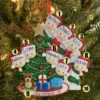Family Of 8 Around The Christmas Tree Personalized Ornament OR1789-8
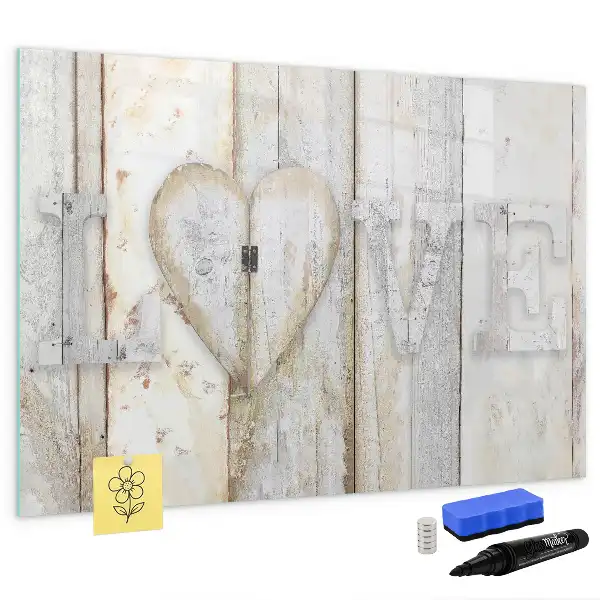 Magnetic glass dry erase board with Love text design
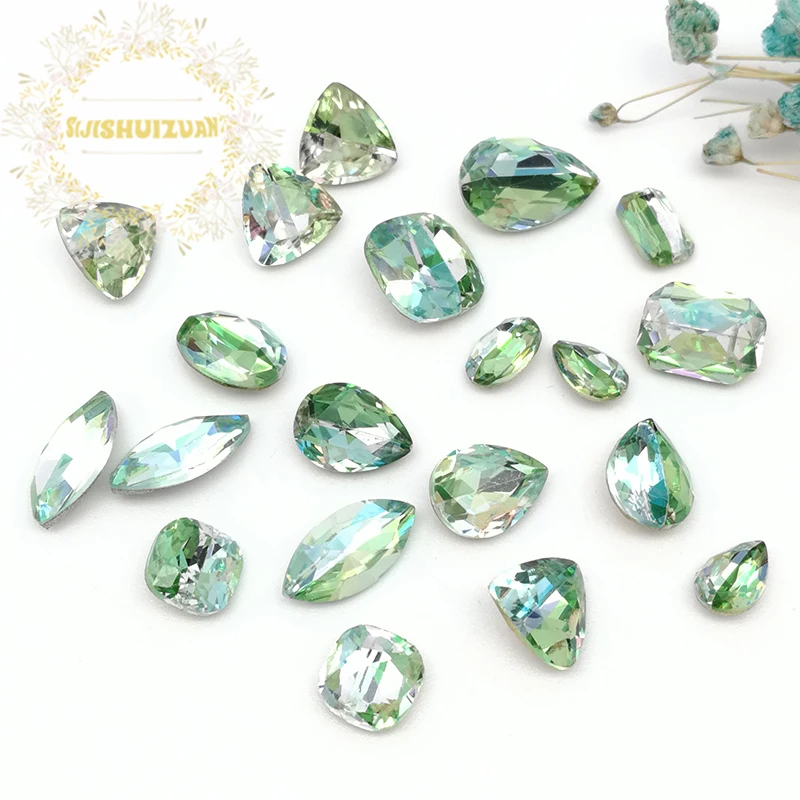 High-quality laser green Mix shape and size 20pcs or 50pcs pointback glue NAILS Crystal Glass Rhinestones DIY Wedding Dresses | Дом и сад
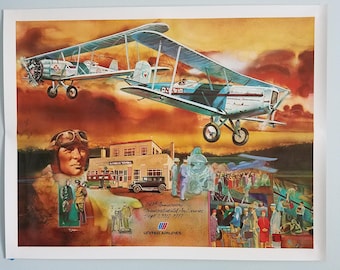 Póster original vintage del 50.º aniversario del servicio aéreo Transcontinental de United Airlines (1927-1977)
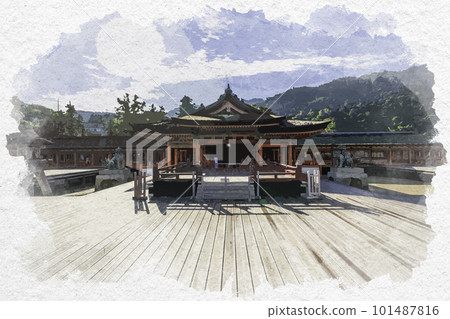 廣島縣廿日市市水彩畫風格的宮島嚴島神社主樓 101487816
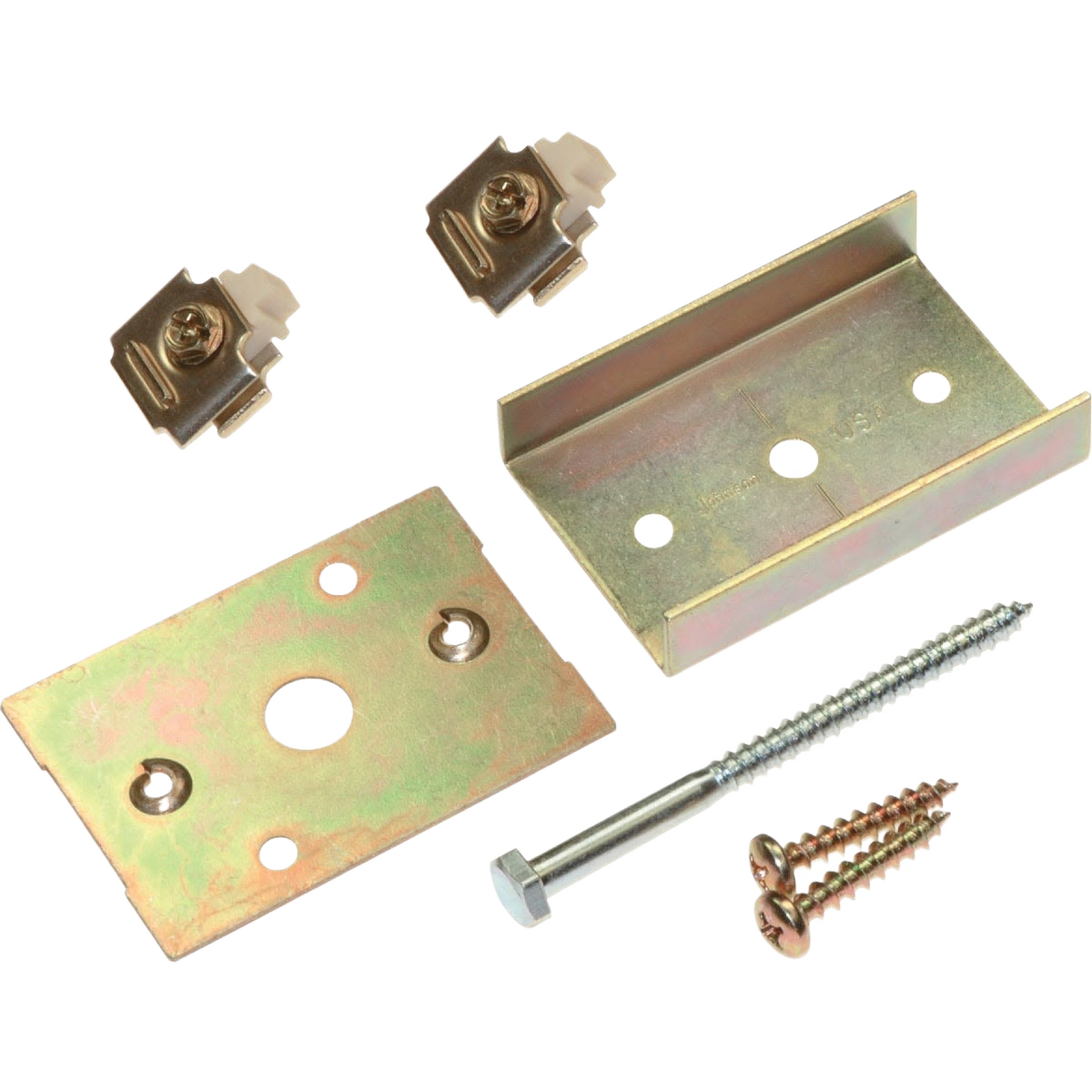 Metal hardware kit with U channel, stops, and screws for door frame assembly in Home Improvement and Hardware collections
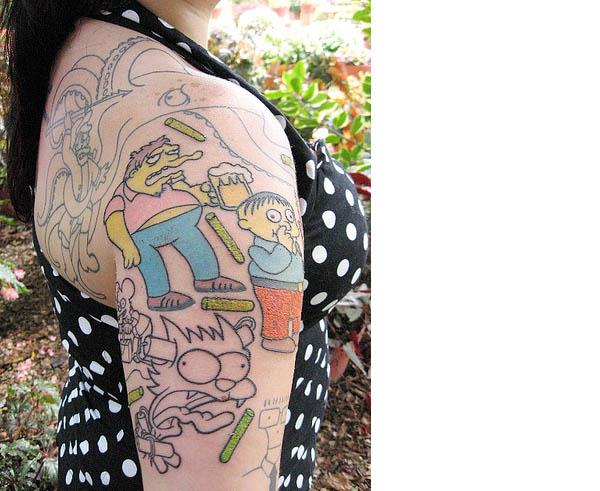 Unfinished Simpsons Arm Tattoo Celebrate 20 Years of The Simpsons with 20 Tattoos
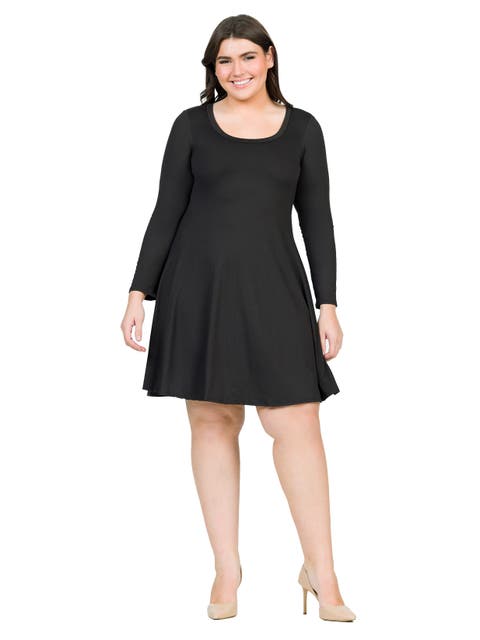 Plus Size Classic Long Sleeve  Flared Mini Dress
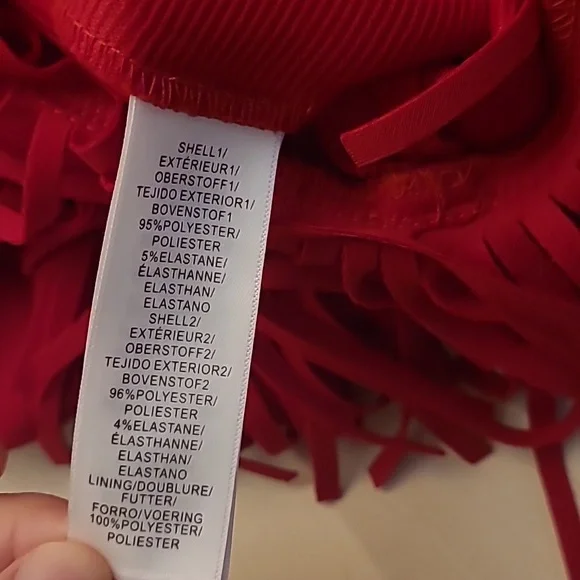 EUC Adrianna Papell Red Double Fringe Hem Sleeveless Cocktail Dress - Picture 11 of 14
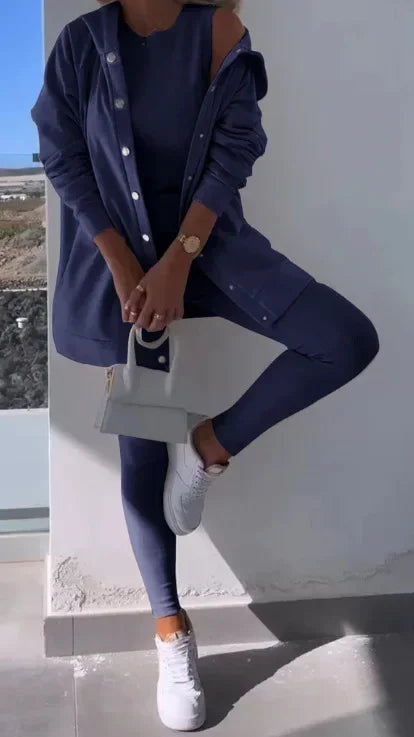 Women 3pcs Clothes Set Solid Color Sports Singel Breasted Shirt Jacket & Sleeveless Cami Tank Top & Slim Skinny Pants.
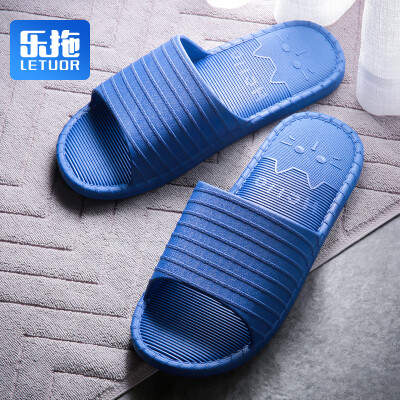 

Le drag slippers couple sandals men&women four seasons indoor home bathroom bath fashion leisure swimming non-slip cool summer waterproof floor mute thick soft bottom SJ1906A dark blue 4243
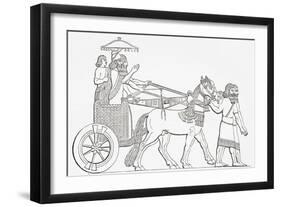An Assyrian King in His Chariot of State, from the Imperial Bible Dictionary, Published 1889-null-Framed Giclee Print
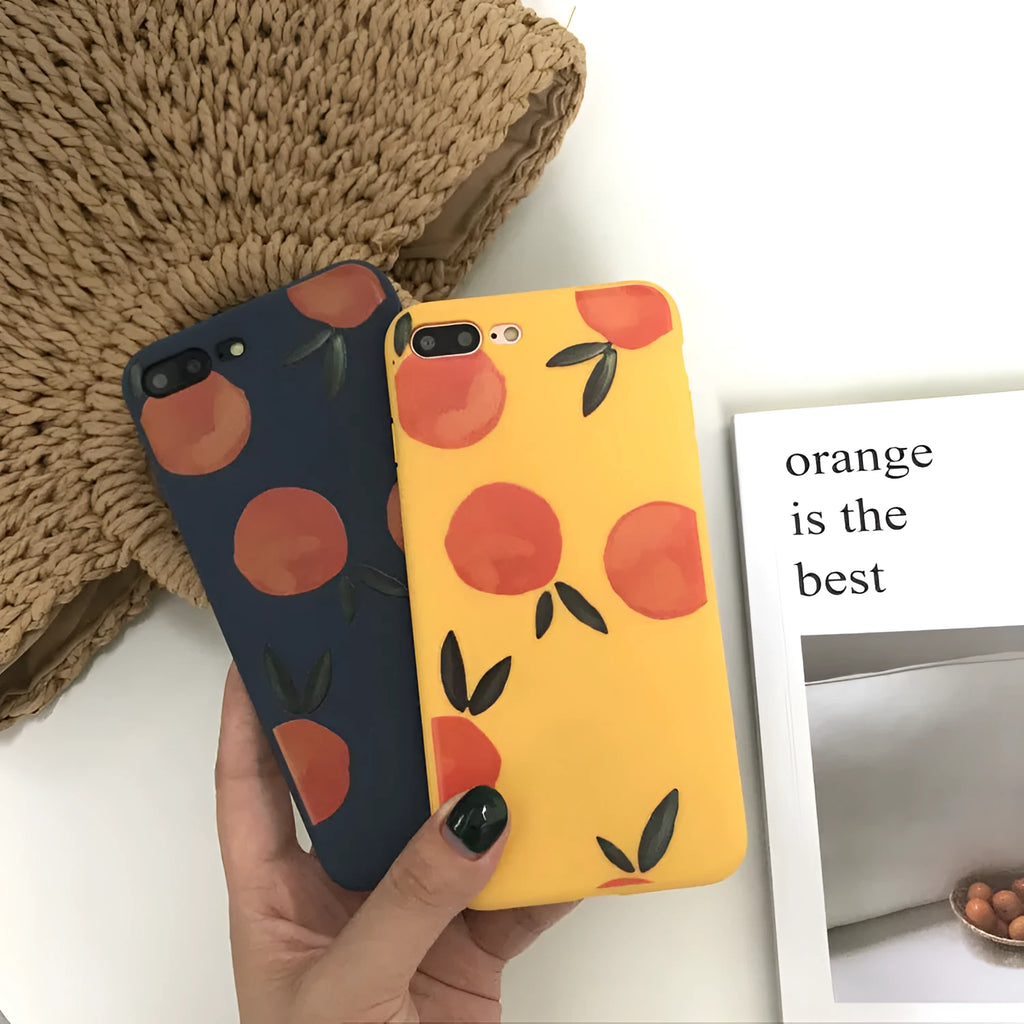 Orange matte finish TPU silicone soft shell case for iPhone, showing full wrap-around design.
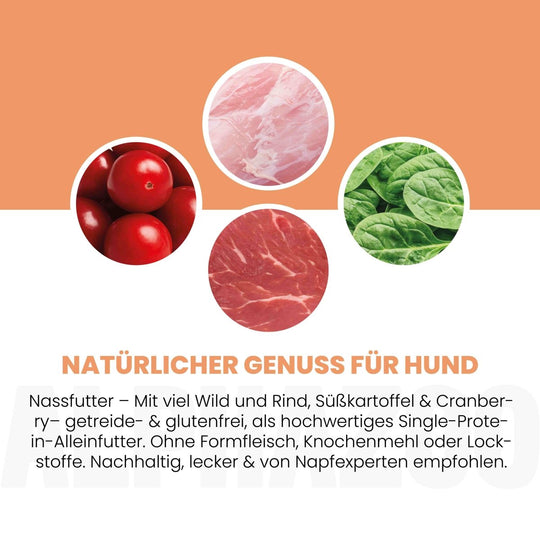 Wild + Rind Nassfutter für Adult Hunde 400g/Dose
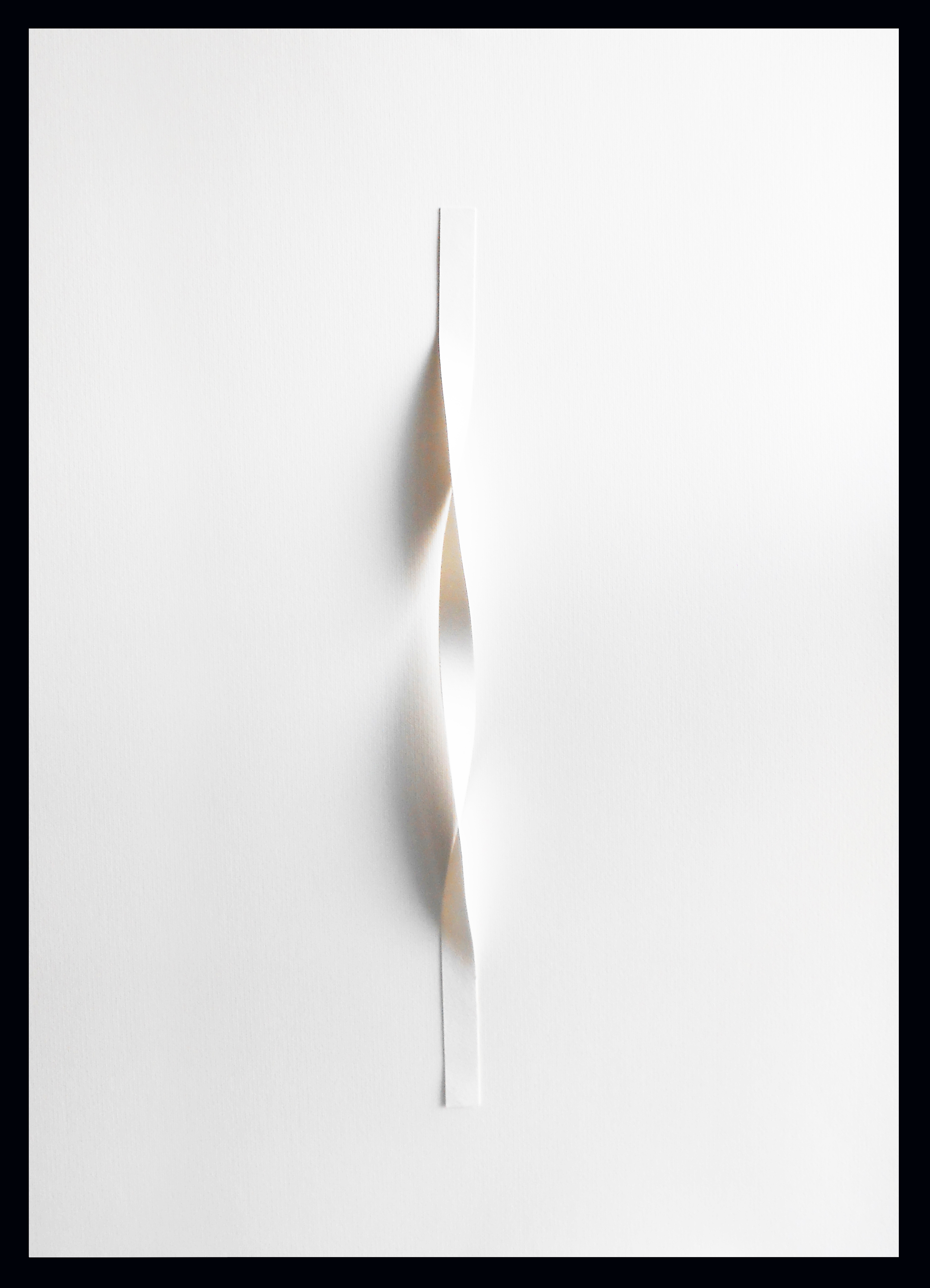 Bi-flexion ©Luciano Caggianello, a thin strip of twisted white paper attached at the ends to a white background page creates a 3D form casting shadows out of 2D materials.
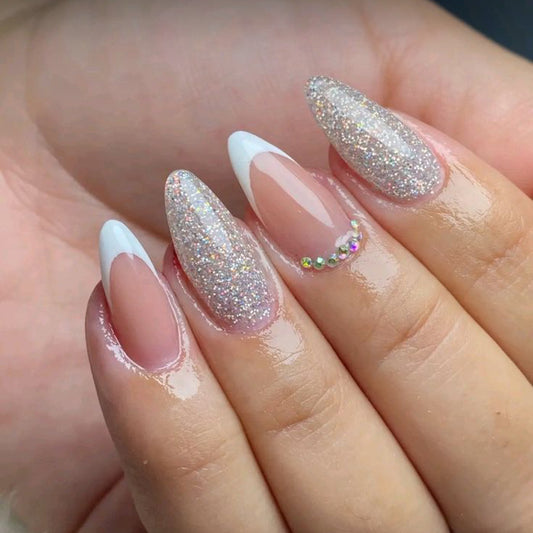 Glamorous Fairy Dust Long Almond Glittery Silver White and Pink Press On Nail Set with Iridescent Rhinestone Detail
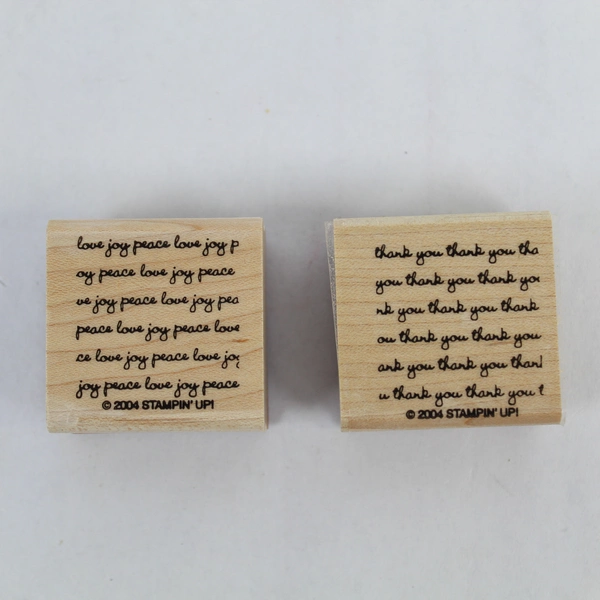 Lot of 8 2004 Stampin' Up Rubber Stamps Mini Messages Celebrate Love Joy Peace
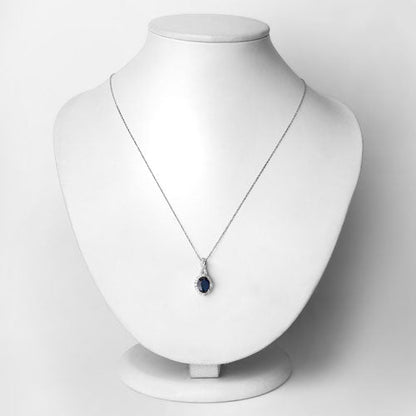 1.72 Carat Genuine Blue Sapphire and White Diamond 14K White Gold Pendant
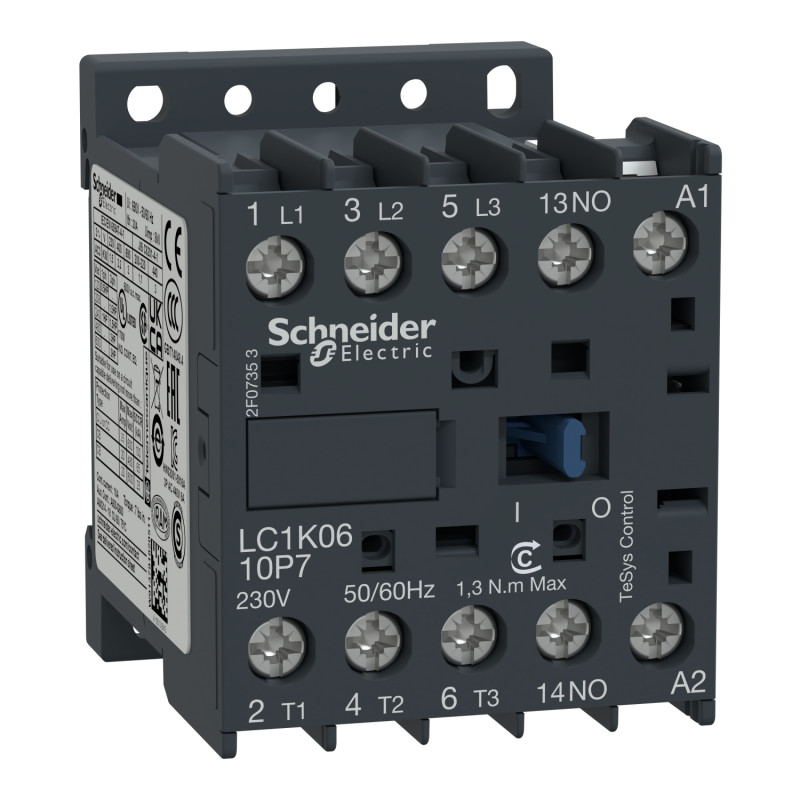 Stýkač LC1K0610B7 6A 3P (3Z) AC-3 440V pomocný kontakt 1Z- cievka 24V 50Hz LC1K0610B7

Task description:
Apart from the pictures, return every entry above exactly as given.

Output below:
Family Of 8 Around The Christmas Tree Personalized Ornament OR1789-8
 Magnetic glass dry erase board with Love text design
 High-quality laser green Mix shape and size 20pcs or 50pcs pointback glue NAILS Crystal Glass Rhinestones DIY Wedding Dresses | Дом и сад
 Póster original vintage del 50.º aniversario del servicio aéreo Transcontinental de United Airlines (1927-1977)
 廣島縣廿日市市水彩畫風格的宮島嚴島神社主樓 101487816
 Metal hardware kit with U channel, stops, and screws for door frame assembly in Home Improvement and Hardware collections
 Unfinished Simpsons Arm Tattoo Celebrate 20 Years of The Simpsons with 20 Tattoos
 Plus Size Classic Long Sleeve  Flared Mini Dress
 EUC Adrianna Papell Red Double Fringe Hem Sleeveless Cocktail Dress - Picture 11 of 14
 Women 3pcs Clothes Set Solid Color Sports Singel Breasted Shirt Jacket & Sleeveless Cami Tank Top & Slim Skinny Pants.

Le drag slippers couple sandals men&women four seasons indoor home bathroom bath fashion leisure swimming non-slip cool summer waterproof floor mute thick soft bottom SJ1906A dark blue 4243
An Assyrian King in His Chariot of State, from the Imperial Bible Dictionary, Published 1889-null-Framed Giclee Print
 Orange matte finish TPU silicone soft shell case for iPhone, showing full wrap-around design.
 Wild + Rind Nassfutter für Adult Hunde 400g/Dose
 Bi-flexion ©Luciano Caggianello, a thin strip of twisted white paper attached at the ends to a white background page creates a 3D form casting shadows out of 2D materials.
 Glamorous Fairy Dust Long Almond Glittery Silver White and Pink Press On Nail Set with Iridescent Rhinestone Detail
 Lot of 8 2004 Stampin' Up Rubber Stamps Mini Messages Celebrate Love Joy Peace
 1.72 Carat Genuine Blue Sapphire and White Diamond 14K White Gold Pendant
 Stýkač LC1K0610B7 6A 3P (3Z) AC-3 440V pomocný kontakt 1Z- cievka 24V 50Hz LC1K0610B7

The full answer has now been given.